21 Jun 2024
The clients approached McLeod Bovell at a pivotal stage in their lives as soon-to-be empty nesters. The evolving needs of a family became the impetus for how the designers imagined a house that could embody the state of transition at a conceptual and experiential level. The word liminal encapsulates ideas that have informed the design process: namely the feeling of inhabiting a transitory place; orchestrating movement through space; and dwelling in the moments between from and to...
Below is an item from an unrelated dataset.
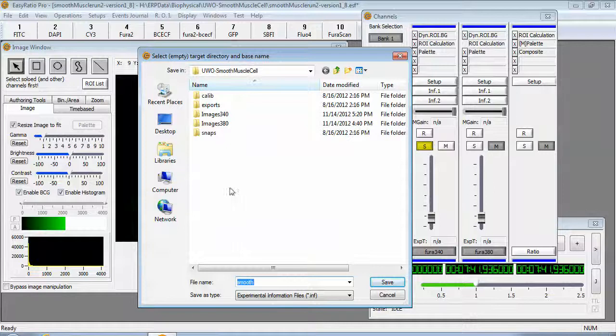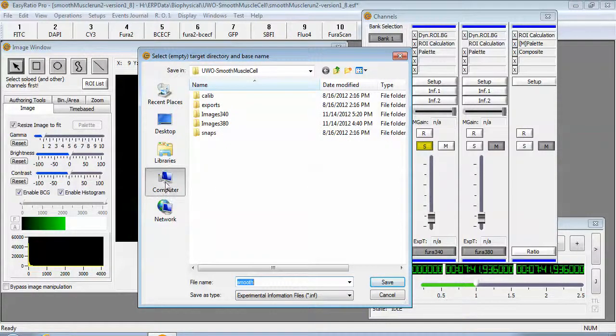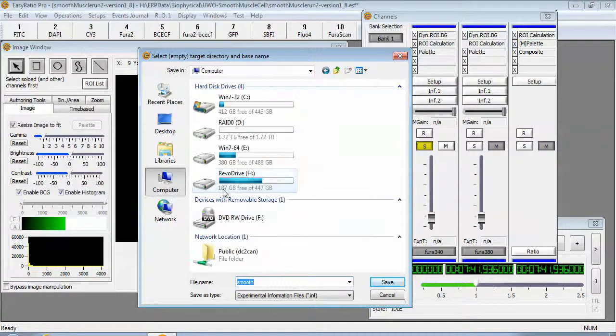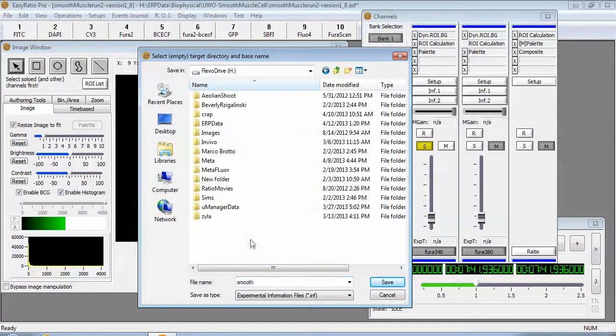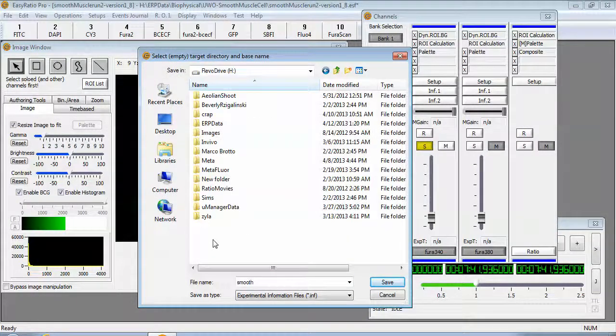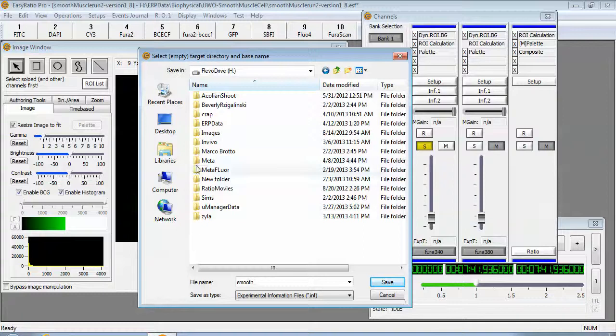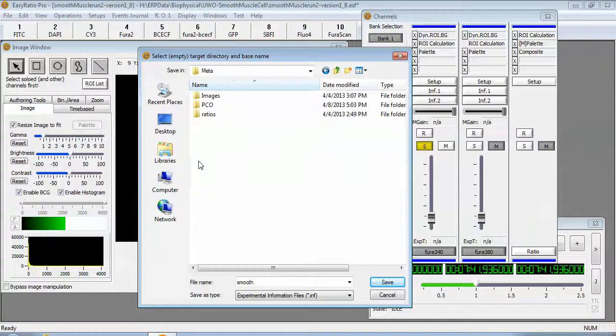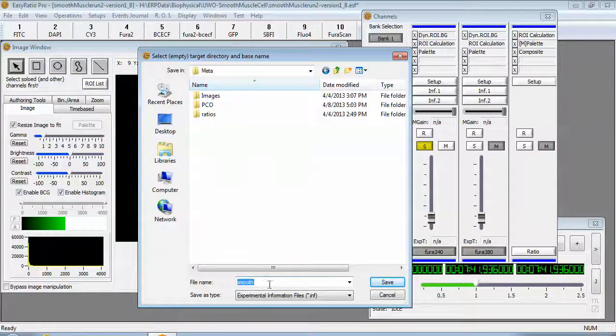You'll then be asked to select a directory. Choose your fastest hard disk and a directory to put the files into. I'm going to choose meta here.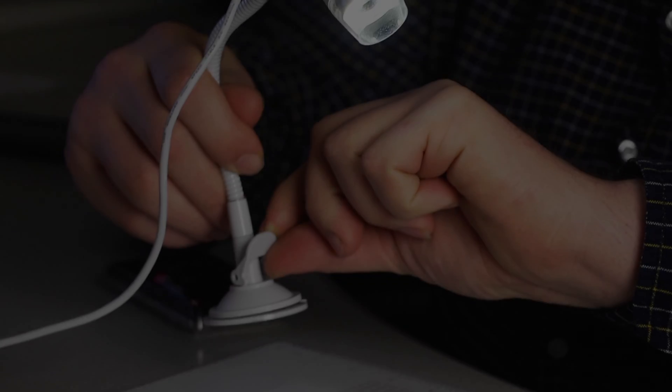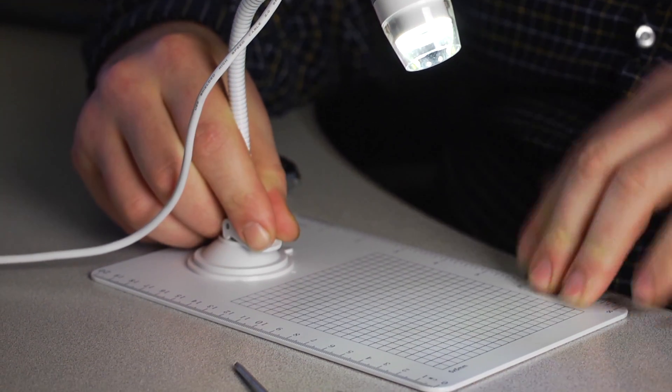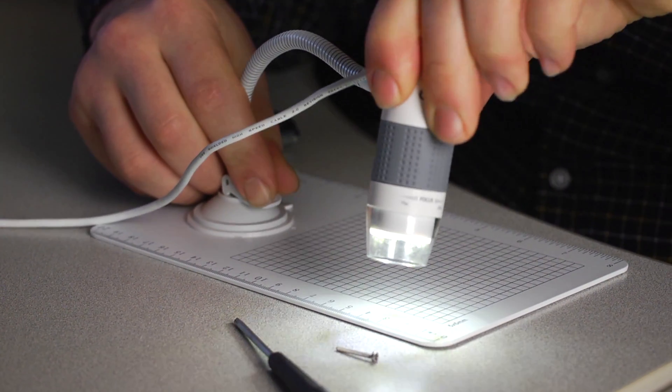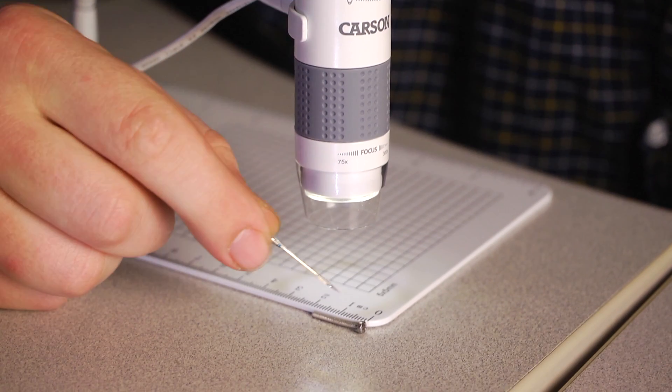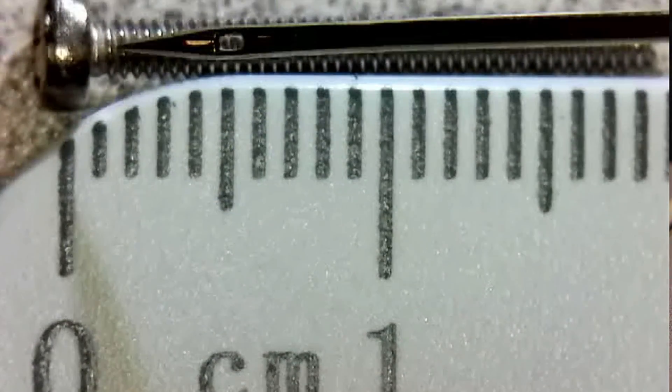The suction cup at the bottom can clamp down onto many smooth surfaces but works really well with the included base. With this you instantly have yourself a complete observing and measuring station.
The project site straddles the interstice between a suburban residential neighbourhood and West Vancouver’s natural stony seashore. Positioned on an expanded border between land and sea, the building form references the creatures that occupy this interstitial territory, whose physiology has adapted to such challenging conditions. In the same spirit, the house establishes itself in concrete, stained Accoya wood, and aluminium plate—enduring materials that can resist the battering effect of a shore environment.
Drawing from their experience negotiating complex topography and tight proximity with neighbours, McLeod Bovell has learned to abandon the reading of the project as a series of flat “elevations” which exist from an imaginary or inaccessible viewpoint. Instead, they embrace a scenographic approach where the house can be understood after having moved through and around it. The language of courtyards, cantilevered volumes, and extension of landscaped surfaces onto floor areas below dismantle boundaries between the house and the natural environment.
The changing outdoor atmosphere at the shore not only animates the house but is in turn animated by the house: views are framed between solid walls and walls of glass; their images are duplicated by a dark pool at the edge of the property and by the glazing of internal courtyards. Reflections and refractions of the outdoors evoke a feeling of being neither here nor there, but somewhere in between.